#### [Activity]
Would you give the listing again exactly as written, minus its pictures?

#### [Supplied information]

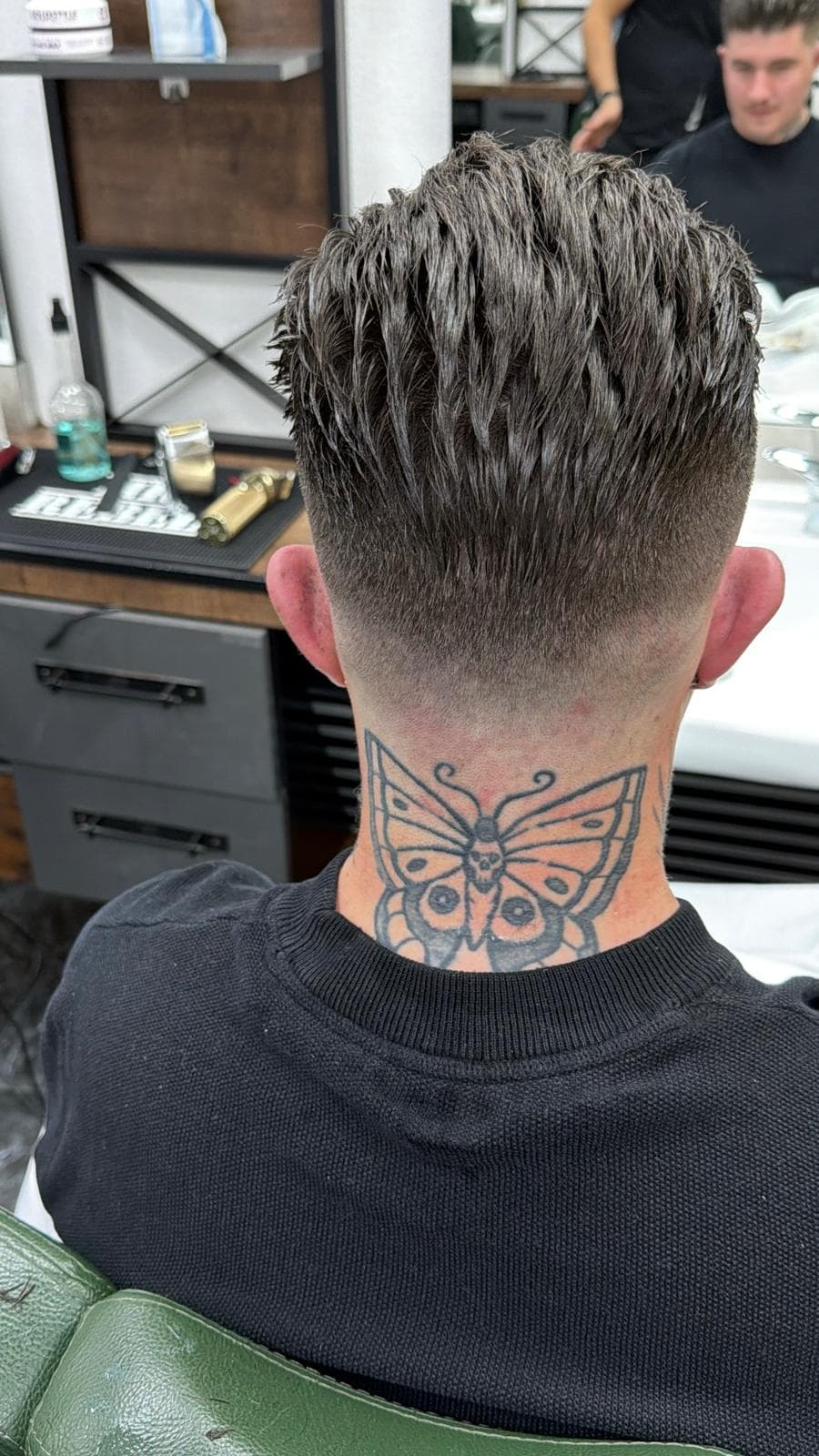 Low skin fade met textured top, achteraanzicht – The Fade Veenendaal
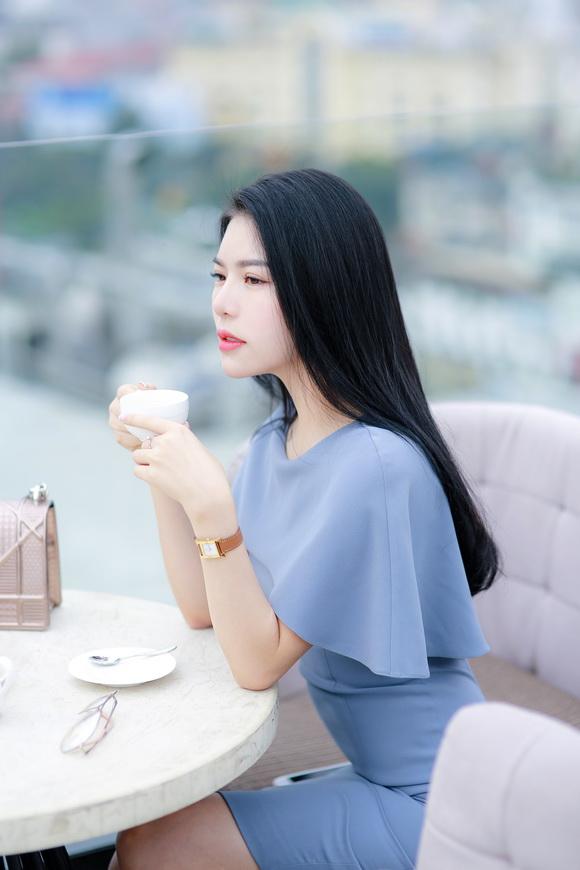 Mc nhã uyên,nhã uyên mc,mc vtc nhã uyên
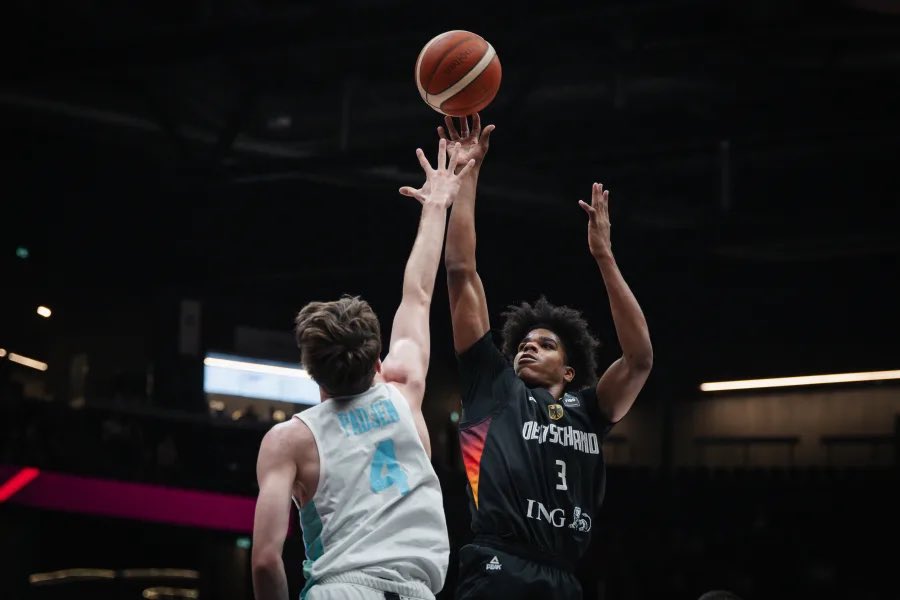 Texas Tech Basketball (@texastechmbb) on Twitter photo FINALS BOUND 😤
<a href="/chrisanders2024/">Christian Anderson Jr.</a> goes off for 27 points, 6 assists and 5 rebounds to lead 🇩🇪 to an 84-72 semifinal win over Slovenia.
Anderson and his team will now play the USA-New Zealand winner on Sunday in the #FIBAU19 World Cup Finals. FINALS BOUND 😤
<a href="/chrisanders2024/">Christian Anderson Jr.</a> goes off for 27 points, 6 assists and 5 rebounds to lead 🇩🇪 to an 84-72 semifinal win over Slovenia.
Anderson and his team will now play the USA-New Zealand winner on Sunday in the #FIBAU19 World Cup Finals.
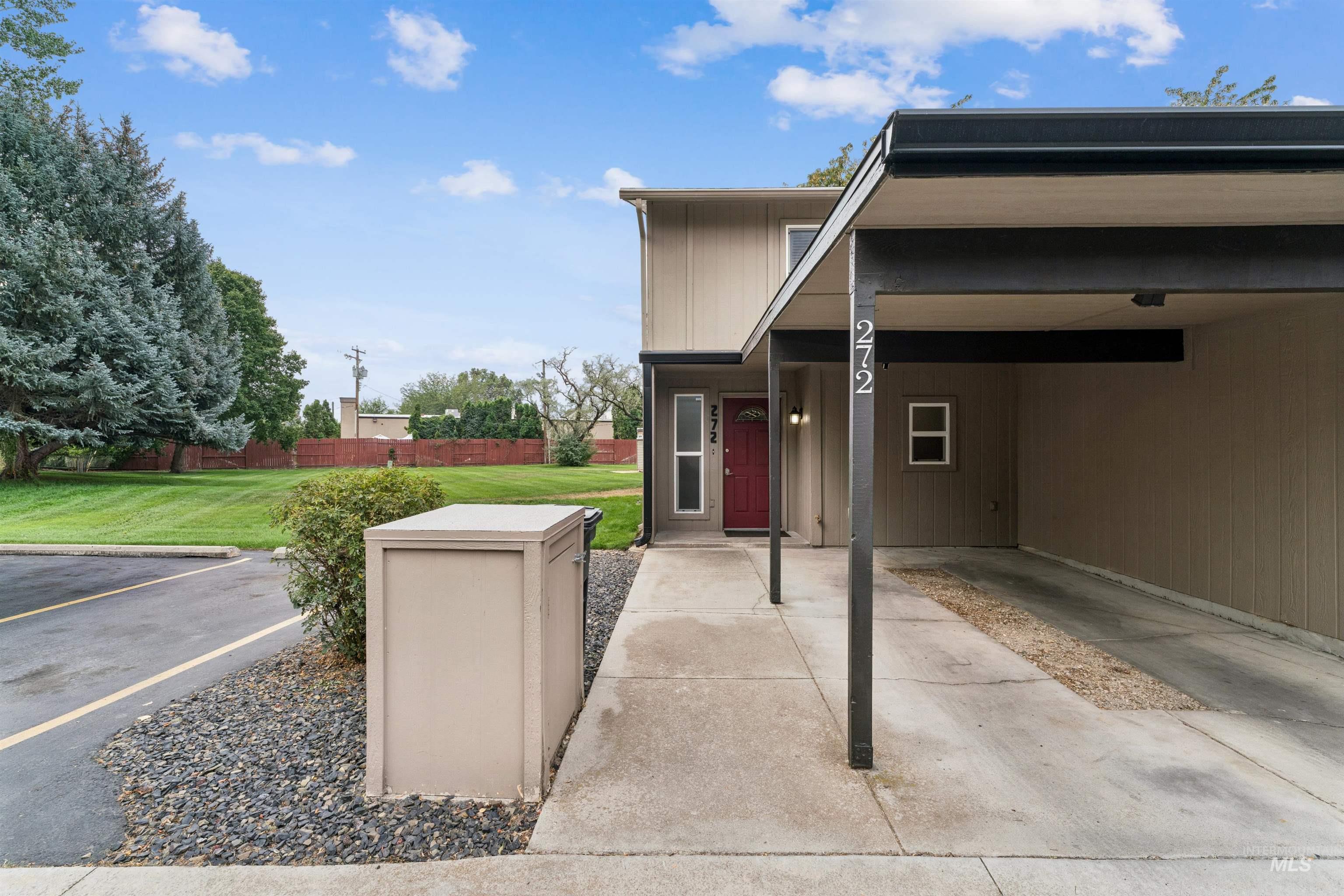 272 N Eagle Glen Ln. Property Photo 49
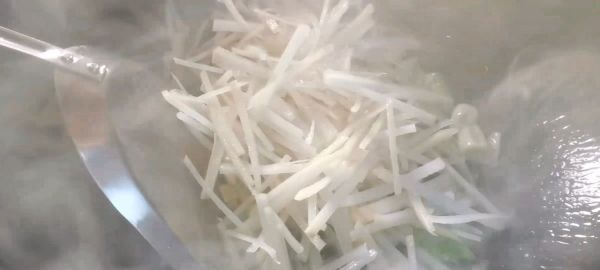 不吃凉拌香椿都不叫在春天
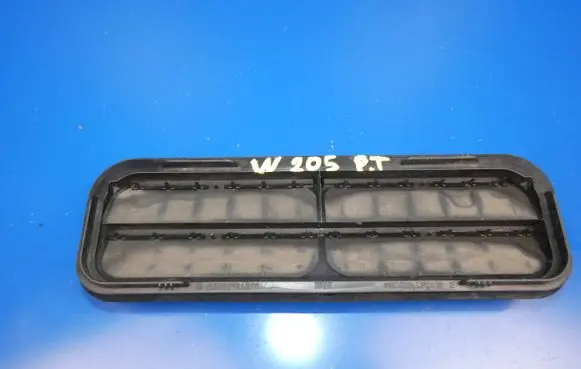 Mercedes-Benz C W205 Quarter panel pressure vent A2058301201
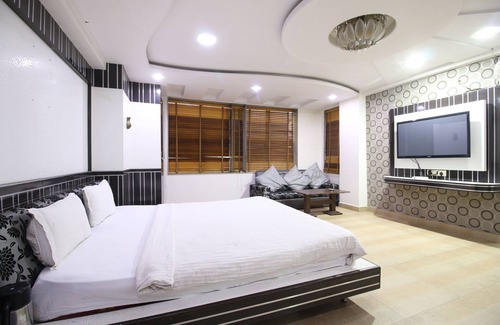 Maharana Pratap Nagar Hotel | Hotel Avinash Residency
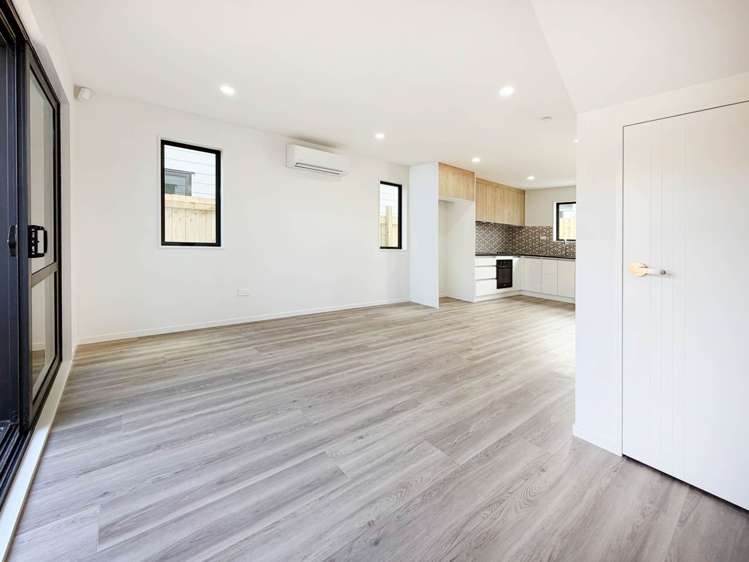 44 Beaumonts Way Manurewa_11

#### [Result for this task]
 Low skin fade met textured top, achteraanzicht – The Fade Veenendaal
 Mc nhã uyên,nhã uyên mc,mc vtc nhã uyên
 Texas Tech Basketball (@texastechmbb) on Twitter photo FINALS BOUND 😤
<a href="/chrisanders2024/">Christian Anderson Jr.</a> goes off for 27 points, 6 assists and 5 rebounds to lead 🇩🇪 to an 84-72 semifinal win over Slovenia.
Anderson and his team will now play the USA-New Zealand winner on Sunday in the #FIBAU19 World Cup Finals. FINALS BOUND 😤
<a href="/chrisanders2024/">Christian Anderson Jr.</a> goes off for 27 points, 6 assists and 5 rebounds to lead 🇩🇪 to an 84-72 semifinal win over Slovenia.
Anderson and his team will now play the USA-New Zealand winner on Sunday in the #FIBAU19 World Cup Finals.
 272 N Eagle Glen Ln. Property Photo 49
 不吃凉拌香椿都不叫在春天
 Mercedes-Benz C W205 Quarter panel pressure vent A2058301201
 Maharana Pratap Nagar Hotel | Hotel Avinash Residency
 44 Beaumonts Way Manurewa_11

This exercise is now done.